Abstract: We study the complexity of both time-optimal and time sub-optimal quantum Hamiltonian evolutions connecting arbitrary source and a target states on the Bloch sphere equipped with the Fubini-Study metric. This investigation is performed in a number of steps. First, we describe each unitary Schr\"odinger quantum evolution by means of the path length, the geodesic efficiency, the speed efficiency, and the curvature coefficient of its corresponding dynamical trajectory linking the source state to the target state. Second, starting from a classical probabilistic setting where the so-called information geometric complexity can be employed to describe the complexity of entropic motion on curved statistical manifolds underlying the physics of systems when only partial knowledge about them is available, we transition into a deterministic quantum setting. In this context, after proposing a definition of the complexity of a quantum evolution, we present a notion of quantum complexity length scale. In particular, we discuss the physical significance of both quantities in terms of the accessed (i.e., partial) and accessible (i.e., total) parametric volumes of the regions on the Bloch sphere that specify the quantum mechanical evolution from the source to the target states.
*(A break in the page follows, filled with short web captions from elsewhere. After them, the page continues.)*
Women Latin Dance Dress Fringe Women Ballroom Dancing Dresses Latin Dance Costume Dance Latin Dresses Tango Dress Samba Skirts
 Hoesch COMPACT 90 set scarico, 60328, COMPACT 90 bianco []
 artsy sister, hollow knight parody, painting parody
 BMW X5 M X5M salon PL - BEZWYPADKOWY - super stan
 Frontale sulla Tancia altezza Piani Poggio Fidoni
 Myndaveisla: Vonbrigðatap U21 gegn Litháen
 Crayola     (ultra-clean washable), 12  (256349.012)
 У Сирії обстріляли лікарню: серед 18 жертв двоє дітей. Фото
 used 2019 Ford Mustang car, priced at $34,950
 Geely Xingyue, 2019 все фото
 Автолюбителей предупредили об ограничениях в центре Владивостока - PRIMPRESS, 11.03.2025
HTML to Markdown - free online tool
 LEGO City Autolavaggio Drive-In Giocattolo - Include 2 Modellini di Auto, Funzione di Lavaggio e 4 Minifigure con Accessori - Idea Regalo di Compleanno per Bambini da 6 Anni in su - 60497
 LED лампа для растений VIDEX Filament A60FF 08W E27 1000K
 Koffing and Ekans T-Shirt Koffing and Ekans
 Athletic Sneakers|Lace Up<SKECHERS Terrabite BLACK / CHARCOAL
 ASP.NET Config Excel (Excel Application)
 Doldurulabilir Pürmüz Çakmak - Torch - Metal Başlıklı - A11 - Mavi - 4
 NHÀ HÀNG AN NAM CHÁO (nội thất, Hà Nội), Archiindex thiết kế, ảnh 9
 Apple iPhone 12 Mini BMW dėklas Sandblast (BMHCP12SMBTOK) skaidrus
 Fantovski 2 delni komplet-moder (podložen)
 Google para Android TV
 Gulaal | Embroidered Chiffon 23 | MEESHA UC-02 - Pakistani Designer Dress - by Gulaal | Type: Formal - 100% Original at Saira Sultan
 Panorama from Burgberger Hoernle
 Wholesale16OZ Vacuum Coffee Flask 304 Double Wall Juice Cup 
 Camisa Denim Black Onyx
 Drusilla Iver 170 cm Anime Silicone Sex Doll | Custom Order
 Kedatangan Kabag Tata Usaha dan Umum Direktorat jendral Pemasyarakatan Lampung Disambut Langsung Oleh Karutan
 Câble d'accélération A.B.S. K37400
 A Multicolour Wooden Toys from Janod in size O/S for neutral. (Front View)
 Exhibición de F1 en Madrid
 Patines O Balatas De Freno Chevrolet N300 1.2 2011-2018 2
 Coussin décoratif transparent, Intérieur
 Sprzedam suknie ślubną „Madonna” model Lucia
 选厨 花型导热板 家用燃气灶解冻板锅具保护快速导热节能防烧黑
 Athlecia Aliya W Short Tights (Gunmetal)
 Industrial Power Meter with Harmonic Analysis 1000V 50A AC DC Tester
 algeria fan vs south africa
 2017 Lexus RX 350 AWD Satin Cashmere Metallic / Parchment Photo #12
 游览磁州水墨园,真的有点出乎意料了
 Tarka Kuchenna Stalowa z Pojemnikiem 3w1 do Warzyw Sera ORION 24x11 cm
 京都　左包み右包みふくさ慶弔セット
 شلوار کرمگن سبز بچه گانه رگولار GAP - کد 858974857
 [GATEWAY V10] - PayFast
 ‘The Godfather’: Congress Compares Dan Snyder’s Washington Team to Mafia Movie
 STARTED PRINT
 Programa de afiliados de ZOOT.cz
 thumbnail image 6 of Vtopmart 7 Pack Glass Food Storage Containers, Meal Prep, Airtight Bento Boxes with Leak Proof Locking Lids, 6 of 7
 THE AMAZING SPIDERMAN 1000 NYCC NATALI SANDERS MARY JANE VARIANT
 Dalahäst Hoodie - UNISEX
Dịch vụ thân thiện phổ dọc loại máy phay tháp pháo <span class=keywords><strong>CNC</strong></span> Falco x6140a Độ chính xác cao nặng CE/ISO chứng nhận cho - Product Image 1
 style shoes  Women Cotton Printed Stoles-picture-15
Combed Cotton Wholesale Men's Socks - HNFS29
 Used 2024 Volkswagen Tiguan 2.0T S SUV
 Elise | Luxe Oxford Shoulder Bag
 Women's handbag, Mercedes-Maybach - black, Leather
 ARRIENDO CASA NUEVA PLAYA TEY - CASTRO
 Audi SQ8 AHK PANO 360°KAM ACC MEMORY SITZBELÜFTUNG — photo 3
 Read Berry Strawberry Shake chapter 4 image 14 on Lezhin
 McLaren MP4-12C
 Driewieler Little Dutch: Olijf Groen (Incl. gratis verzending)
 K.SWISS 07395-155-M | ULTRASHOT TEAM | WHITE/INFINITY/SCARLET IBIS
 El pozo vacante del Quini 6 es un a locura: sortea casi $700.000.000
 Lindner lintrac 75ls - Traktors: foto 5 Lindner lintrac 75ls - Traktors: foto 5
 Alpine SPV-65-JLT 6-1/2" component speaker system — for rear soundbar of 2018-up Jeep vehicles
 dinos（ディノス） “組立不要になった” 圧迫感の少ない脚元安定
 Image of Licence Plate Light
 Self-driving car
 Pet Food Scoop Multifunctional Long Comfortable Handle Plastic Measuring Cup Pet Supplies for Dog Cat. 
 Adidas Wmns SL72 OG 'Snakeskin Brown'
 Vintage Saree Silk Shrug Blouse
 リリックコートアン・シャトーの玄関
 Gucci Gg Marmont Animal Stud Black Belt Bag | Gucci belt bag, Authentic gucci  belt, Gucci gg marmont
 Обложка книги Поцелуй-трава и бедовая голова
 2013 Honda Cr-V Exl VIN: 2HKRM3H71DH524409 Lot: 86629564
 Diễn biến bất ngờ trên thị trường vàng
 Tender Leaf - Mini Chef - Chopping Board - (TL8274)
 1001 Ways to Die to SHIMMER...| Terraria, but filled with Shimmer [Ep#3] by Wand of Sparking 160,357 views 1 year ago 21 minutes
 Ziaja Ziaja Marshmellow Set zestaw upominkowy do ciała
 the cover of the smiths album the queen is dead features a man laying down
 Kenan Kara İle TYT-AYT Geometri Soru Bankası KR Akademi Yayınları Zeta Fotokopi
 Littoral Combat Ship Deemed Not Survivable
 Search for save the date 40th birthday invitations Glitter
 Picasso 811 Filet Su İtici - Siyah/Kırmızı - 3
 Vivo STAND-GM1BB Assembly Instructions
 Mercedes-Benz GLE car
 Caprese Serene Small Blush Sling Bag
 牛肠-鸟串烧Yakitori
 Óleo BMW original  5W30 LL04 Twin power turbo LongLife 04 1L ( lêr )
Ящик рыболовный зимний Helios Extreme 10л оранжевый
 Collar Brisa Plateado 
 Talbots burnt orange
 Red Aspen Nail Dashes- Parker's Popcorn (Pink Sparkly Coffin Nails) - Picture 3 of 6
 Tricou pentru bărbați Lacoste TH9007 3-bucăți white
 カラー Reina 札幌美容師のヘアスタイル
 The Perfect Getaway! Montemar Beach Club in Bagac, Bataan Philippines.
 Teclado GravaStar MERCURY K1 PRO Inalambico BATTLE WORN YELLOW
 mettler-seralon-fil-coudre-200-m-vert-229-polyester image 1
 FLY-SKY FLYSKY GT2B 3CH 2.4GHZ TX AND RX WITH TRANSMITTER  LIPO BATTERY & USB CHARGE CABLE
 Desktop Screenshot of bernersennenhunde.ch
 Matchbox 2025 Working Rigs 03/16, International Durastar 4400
Third, after calculating the complexity measure and the complexity length scale for each one of the two quantum evolutions, we compare the behavior of our measures with that of the path length, the geodesic efficiency, the speed efficiency, and the curvature coefficient. We find that, in general, efficient quantum evolutions are less complex than inefficient evolutions. However, we also observe that complexity is more than length. Indeed, longer paths that are sufficiently bent can exhibit a behavior that is less complex than that of shorter paths with a smaller curvature coefficient.